Experiências digitais na Adolescência: “like” / “dislike?
As nossas vidas foram irrevogavelmente alteradas com o aparecimento da Internet, mas para os adolescentes da atualidade (que já nasceram online) a realidade é praticamente digital. Não é estranho usar o telefone ou ipad para acalmar um bebé que chora, não é estranho ver crianças de 2 ou 3 anos agarradas a smartphones, não é estranho oferecer o primeiro telefone a uma criança de 10 anos… não é estranho ver um adolescente mergulhado em aplicações e redes sociais.
Para os adolescentes do século XXI “a vida” acontece nas redes sociais! E por isso ou conhecem bem as suas regras e normas de funcionamento… ou ficam de fora! Façamos então uma visita de estudo pelas redes sociais mais populares entre os jovens.
O Instagram permite a partilha de fotos e aplicação de filtros digitais, bem como compartilhá-los com outras redes sociais, como o Facebook, Twitter ou Tumblr, por exemplo. Quando se publica uma fotografia no Instagram, o objetivo é provocar reações na plateia: gostos, comentários, emojis… Um adolescente que acompanhei em consulta contou-me que ele e os seus amigos competiam entre si pelo maior número de seguidores e reações nas suas postagens. Talvez por isso, a grande maioria dos adolescentes com 16 anos tem mais de 1000 seguidores na sua conta e muitos deles nem sequer conhece (isto acontece mesmo em contas privadas). Muitos destes ‘posts’ chegam a concentrar 300 gostos, o que significa a aprovação de uma grande fatia dos seus seguidores. Outras fotos são publicadas em segundas contas (com nomes diferentes), para que não fiquem associados a si comportamentos como o consumo de álcool, drogas… ou presença em determinados sítios. Online é possível construir o perfil que se deseja.
Depois, sempre que um amigo publica uma fotografia de si, existe uma ‘obrigação social’ de gostar e essa obrigação é tanto maior, quanto a proximidade desse mesmo amigo. Uma opção segura, sobretudo para a selfie de um amigo é o emoji com corações ou elogios diretos como “que lind@”! Não é necessário muito mais do que isso para carregar as baterias de auto-estima de quem a postou. Sim, baterias que ‘carregam’ quando vêem os outros confirmar que são bonitos, admirados, seguidos, foco de atenção e, por isso, aprovados pelos outro; ou baterias que ‘descarregam’ quando este cenário não acontece.

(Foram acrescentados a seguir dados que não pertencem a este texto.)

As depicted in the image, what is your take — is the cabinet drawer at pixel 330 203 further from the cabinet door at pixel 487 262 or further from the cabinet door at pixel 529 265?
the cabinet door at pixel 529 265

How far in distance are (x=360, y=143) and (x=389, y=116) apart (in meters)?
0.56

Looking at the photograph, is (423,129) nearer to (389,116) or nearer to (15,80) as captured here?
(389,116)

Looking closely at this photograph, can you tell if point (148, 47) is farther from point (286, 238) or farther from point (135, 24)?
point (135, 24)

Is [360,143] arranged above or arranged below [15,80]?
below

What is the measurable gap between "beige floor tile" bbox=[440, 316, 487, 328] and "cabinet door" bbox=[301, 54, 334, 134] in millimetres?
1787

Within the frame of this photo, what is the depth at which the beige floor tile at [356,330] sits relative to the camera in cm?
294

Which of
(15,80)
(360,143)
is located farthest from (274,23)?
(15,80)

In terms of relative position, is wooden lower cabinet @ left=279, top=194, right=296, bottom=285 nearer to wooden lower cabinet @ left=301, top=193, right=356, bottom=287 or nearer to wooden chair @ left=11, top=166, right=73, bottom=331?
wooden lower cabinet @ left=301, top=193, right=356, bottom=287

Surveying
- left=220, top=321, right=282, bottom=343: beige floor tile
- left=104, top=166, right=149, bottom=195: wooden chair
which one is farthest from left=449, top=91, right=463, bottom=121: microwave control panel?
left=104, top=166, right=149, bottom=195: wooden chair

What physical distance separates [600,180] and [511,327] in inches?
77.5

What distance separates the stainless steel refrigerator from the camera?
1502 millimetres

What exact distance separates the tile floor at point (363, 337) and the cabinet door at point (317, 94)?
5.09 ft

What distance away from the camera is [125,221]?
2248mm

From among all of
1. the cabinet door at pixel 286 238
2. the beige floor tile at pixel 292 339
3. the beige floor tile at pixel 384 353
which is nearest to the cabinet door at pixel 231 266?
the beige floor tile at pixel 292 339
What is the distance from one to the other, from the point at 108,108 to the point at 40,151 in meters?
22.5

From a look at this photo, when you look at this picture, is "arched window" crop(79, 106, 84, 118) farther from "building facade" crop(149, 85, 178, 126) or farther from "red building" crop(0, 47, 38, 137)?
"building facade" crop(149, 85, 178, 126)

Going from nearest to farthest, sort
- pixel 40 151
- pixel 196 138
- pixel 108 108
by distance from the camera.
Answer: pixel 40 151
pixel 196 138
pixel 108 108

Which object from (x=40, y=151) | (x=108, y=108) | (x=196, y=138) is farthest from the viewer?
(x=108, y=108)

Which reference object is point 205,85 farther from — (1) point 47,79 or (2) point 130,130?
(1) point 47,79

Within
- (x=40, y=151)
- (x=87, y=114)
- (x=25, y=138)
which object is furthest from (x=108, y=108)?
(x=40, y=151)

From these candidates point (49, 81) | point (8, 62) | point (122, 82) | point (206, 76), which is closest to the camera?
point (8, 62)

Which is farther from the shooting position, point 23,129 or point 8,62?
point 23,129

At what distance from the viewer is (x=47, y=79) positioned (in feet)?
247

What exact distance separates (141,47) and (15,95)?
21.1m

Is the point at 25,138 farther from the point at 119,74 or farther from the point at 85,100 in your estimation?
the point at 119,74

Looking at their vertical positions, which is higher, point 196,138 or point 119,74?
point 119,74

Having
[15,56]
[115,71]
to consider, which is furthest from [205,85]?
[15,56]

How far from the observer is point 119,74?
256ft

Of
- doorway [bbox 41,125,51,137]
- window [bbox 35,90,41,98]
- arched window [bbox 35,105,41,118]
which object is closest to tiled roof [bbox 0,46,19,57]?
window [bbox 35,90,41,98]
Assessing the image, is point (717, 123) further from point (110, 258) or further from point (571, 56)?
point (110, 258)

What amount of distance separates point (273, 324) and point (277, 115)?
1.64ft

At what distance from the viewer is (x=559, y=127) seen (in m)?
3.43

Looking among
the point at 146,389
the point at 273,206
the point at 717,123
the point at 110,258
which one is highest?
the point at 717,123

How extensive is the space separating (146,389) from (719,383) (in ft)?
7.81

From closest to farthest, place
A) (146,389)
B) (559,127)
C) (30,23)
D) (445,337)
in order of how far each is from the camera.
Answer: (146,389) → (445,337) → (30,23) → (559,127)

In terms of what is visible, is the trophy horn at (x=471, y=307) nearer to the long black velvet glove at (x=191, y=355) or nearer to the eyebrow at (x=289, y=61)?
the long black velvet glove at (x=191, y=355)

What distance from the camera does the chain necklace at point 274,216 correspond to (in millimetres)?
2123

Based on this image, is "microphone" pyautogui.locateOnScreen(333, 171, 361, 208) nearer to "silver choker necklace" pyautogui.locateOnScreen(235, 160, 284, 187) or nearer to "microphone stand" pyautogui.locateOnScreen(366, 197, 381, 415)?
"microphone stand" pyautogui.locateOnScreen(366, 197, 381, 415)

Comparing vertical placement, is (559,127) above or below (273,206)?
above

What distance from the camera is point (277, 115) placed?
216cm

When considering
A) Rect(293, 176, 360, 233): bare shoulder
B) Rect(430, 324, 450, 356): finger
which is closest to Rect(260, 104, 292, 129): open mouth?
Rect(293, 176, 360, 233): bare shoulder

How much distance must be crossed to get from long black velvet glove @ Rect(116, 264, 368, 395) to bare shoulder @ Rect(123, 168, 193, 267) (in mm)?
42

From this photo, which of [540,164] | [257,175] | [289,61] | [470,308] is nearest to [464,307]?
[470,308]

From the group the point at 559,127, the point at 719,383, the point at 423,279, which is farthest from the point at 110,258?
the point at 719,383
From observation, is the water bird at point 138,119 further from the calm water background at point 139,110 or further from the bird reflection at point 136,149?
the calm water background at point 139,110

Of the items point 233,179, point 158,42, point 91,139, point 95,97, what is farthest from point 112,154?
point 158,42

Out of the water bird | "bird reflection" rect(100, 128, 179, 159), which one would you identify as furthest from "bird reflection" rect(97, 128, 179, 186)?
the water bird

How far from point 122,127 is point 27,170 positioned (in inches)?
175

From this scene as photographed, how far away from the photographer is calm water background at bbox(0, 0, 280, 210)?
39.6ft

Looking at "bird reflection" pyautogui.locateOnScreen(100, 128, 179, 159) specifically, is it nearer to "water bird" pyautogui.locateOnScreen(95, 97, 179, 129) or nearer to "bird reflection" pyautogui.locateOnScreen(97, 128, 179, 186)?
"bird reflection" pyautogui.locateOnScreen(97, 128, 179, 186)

Mais do que uma moda, a exibição contínua de auto-retratos (ou outras fotografias pessoais) pode denunciar tanto excesso… como falta de amor próprio! A linha que separa uma realidade da outra está (de uma forma simples) nas sensações e/ou expectativas que o usuário tem aquando da publicação: uns são vistos como exibicionistas, outros como carentes de afirmação e aprovação pelo grupo… ambos podem ser tanto criticados pelos pares, como admirados ao jeito de celebridades! É por isto que a adolescência é uma fase tão exigente!
Mas outra parte da realidade escondida nas fotografias que se publicam, são os comentários que se fazem. Que tipo de relações sociais estamos a construir na rede? Verdade que muito do que aqui lemos é transversal a adultos, mas quando pensamos em adolescentes a grande diferença consiste no facto de estarem em pleno processo de formação. Sabemos, por exemplo, que algo tão simples como a utilização de abreviaturas nas mensagens tem consequências no processamento cerebral e na linguagem.

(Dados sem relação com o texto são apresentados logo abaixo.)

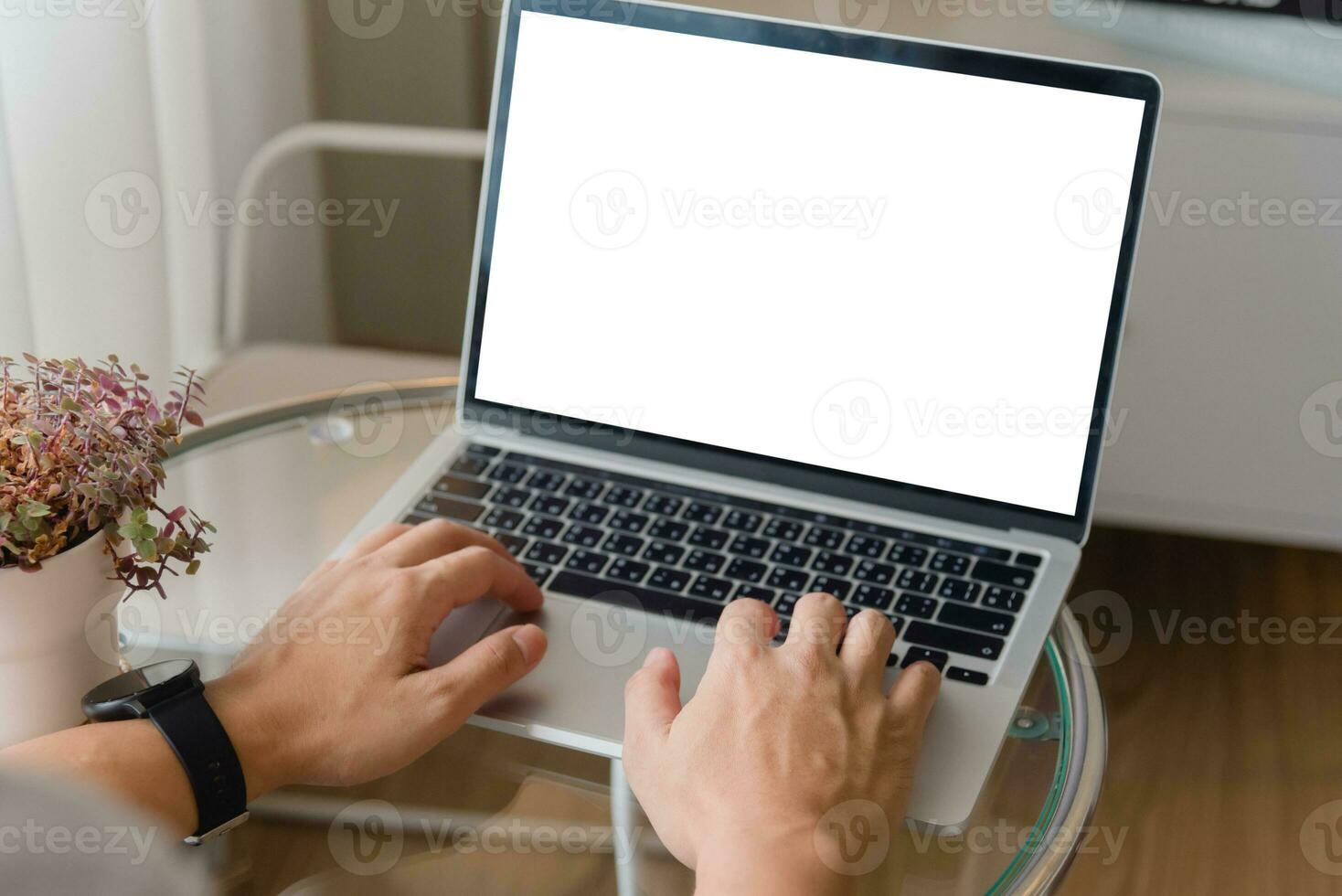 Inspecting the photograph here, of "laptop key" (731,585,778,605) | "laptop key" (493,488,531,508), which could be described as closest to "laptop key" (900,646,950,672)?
"laptop key" (731,585,778,605)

Quando vemos adolescentes comunicarem grande parte do tempo em chat, jogarem online, namorarem através de aplicações, conviverem em grupos virtuais… quando vemos adolescentes constantemente atrás de um ecrã será pertinente questionar quais as consequências ao nível das competências emocionais e sociais? Dificuldade na expressão e leitura das emoções nos outros, falta de empatia, maior agressividade… Já em 2012, um estudo publicado pela Universidade de Coimbra alertava para uma percentagem significativa de cyberbullying nas camadas jovens através de SMS e redes sociais, mas sobretudo para a elevadíssima percentagem de jovens que admitiam ter presenciado casos de agressividade e humilhação pública na rede.

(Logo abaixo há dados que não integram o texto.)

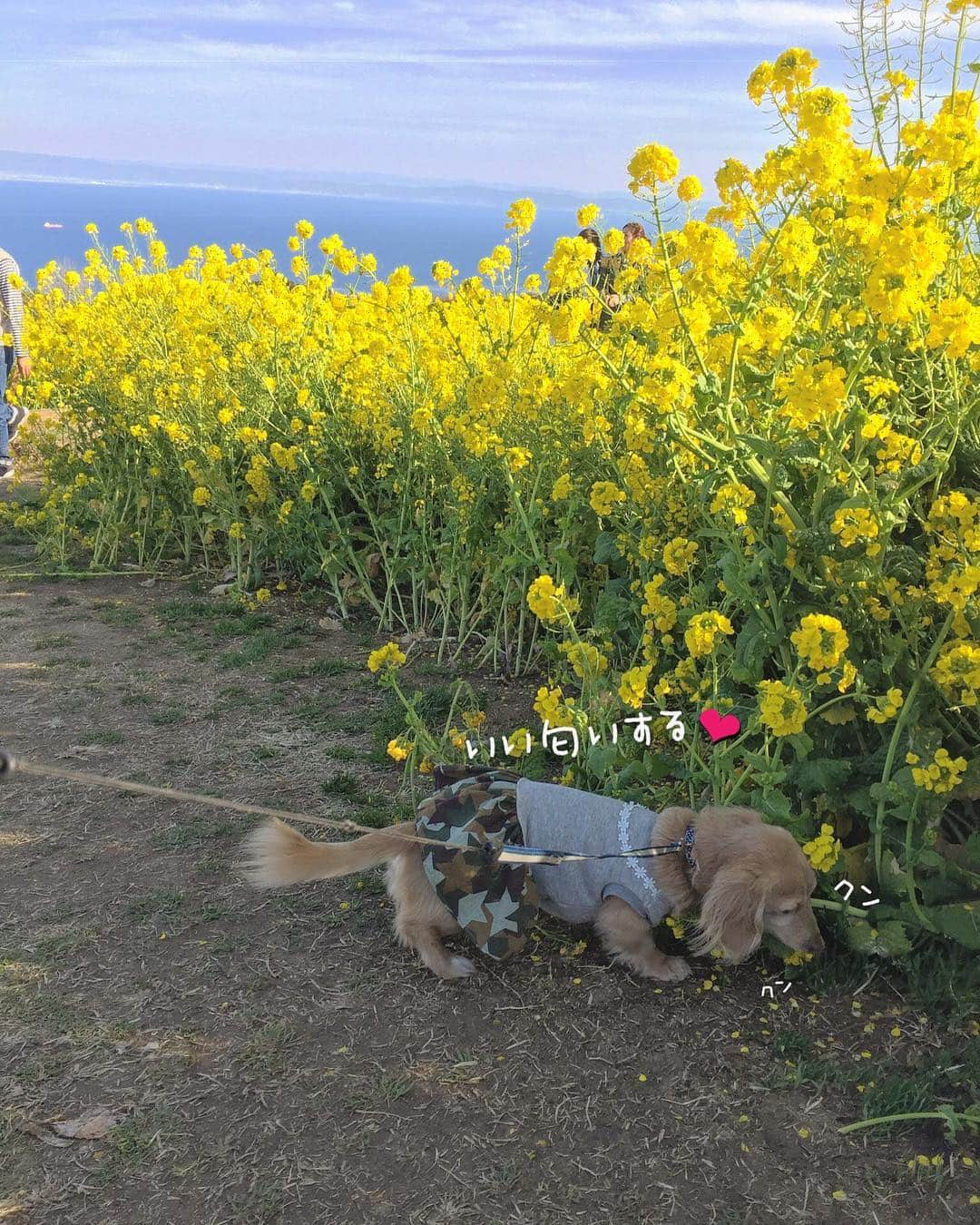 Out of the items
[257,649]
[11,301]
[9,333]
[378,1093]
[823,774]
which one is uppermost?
[11,301]

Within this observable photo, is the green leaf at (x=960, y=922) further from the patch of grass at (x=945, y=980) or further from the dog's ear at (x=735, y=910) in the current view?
the dog's ear at (x=735, y=910)

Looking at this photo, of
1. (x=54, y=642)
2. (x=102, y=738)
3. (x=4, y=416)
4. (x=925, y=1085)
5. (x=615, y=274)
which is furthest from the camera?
(x=4, y=416)

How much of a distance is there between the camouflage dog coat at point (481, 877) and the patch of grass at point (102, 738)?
6.25 ft

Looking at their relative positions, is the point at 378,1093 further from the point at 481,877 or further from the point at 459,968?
the point at 481,877

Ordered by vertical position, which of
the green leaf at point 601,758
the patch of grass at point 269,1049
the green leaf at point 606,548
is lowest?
the patch of grass at point 269,1049

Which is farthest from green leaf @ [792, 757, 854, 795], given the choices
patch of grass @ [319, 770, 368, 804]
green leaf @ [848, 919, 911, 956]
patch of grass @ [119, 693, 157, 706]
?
patch of grass @ [119, 693, 157, 706]

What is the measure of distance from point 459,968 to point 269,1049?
52 cm

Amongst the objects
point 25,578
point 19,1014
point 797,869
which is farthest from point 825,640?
point 25,578

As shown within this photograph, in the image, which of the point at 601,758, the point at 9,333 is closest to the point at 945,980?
the point at 601,758

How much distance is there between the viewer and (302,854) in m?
2.55

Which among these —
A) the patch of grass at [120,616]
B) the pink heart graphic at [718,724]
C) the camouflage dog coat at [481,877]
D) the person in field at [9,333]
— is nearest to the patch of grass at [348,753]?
the camouflage dog coat at [481,877]

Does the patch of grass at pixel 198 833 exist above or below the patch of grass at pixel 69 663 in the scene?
below

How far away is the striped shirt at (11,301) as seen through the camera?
814 cm

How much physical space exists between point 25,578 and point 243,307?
2.14m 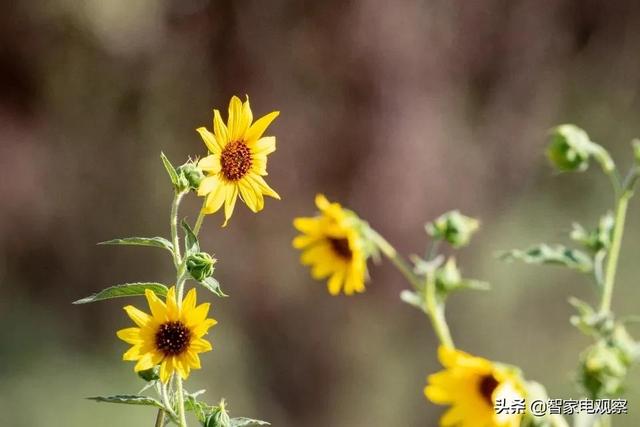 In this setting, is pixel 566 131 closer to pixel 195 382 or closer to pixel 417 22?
pixel 195 382

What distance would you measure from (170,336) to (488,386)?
0.50 feet

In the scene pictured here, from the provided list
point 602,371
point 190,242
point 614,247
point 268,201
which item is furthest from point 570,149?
point 268,201

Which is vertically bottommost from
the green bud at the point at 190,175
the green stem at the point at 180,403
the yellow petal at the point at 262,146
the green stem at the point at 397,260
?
the green stem at the point at 180,403

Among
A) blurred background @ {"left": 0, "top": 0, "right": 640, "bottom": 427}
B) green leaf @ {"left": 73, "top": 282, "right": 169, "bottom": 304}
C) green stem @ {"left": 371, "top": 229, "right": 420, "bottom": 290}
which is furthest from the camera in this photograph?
blurred background @ {"left": 0, "top": 0, "right": 640, "bottom": 427}

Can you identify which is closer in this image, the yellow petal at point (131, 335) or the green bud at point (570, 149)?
the yellow petal at point (131, 335)

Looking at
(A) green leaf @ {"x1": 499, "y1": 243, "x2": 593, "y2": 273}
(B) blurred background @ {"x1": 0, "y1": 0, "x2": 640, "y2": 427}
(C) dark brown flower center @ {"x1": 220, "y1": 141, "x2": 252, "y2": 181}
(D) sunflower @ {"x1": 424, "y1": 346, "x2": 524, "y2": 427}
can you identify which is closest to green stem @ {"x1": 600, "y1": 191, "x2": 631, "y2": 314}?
(A) green leaf @ {"x1": 499, "y1": 243, "x2": 593, "y2": 273}

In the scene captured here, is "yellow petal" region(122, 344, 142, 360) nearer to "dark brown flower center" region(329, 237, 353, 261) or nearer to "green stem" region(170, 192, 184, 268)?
"green stem" region(170, 192, 184, 268)

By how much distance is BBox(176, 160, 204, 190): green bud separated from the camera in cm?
37

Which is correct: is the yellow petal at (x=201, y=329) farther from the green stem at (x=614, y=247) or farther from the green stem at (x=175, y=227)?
the green stem at (x=614, y=247)

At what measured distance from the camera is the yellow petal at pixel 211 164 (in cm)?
36

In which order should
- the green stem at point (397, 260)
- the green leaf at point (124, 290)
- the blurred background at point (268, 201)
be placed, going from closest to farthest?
the green leaf at point (124, 290)
the green stem at point (397, 260)
the blurred background at point (268, 201)

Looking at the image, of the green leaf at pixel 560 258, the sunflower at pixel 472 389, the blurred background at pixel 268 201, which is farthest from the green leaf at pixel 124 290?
the blurred background at pixel 268 201

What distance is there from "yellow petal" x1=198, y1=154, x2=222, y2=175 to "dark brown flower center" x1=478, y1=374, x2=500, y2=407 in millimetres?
157

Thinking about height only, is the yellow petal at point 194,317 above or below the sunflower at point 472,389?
below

Instagram, Snapchat, Pokémon Go-Pro, chat’s de jogos online… há um mundo de interação adolescente que gera trilhões a nível mundial e muito contribui para esta falência socioemocional das futuras gerações. A comunicação mudou: antigamente, os adolescentes precisavam de conversar ‘na rua’ ou por telefone com os seus amigos. Hoje em dia, os adolescentes comunicam de forma vaga para uma legião de seguidores e desconhecidos e por esta razão é fundamental cuidar da imagem na net. Alguns adolescentes chegam mesmo a apagar posts que não atingem um número mínimo de gostos. O tempo de espera para chegar a 40 gostos, por exemplo, é de cerca de 2h… a partir daqui o post é apagado ou guardado para ser novamente publicado em melhor hora (normalmente, após o horário escolar). As selfies são ótimas oportunidades para mostrar uma roupa gira, um acessório novo, uma comida de fazer água na boca, um local diferente ou uma atividade interessante. Depois espera-se a reação dos seguidores, que é bem diferente se vem de um usuário masculino ou feminino, através de um sistema de comunicação emoji bastante desenvolvido! São mesmo muitos os adolescentes escravizados pela imagem perfeita, como principal impactante no bem-estar emocional e qualidade de vida.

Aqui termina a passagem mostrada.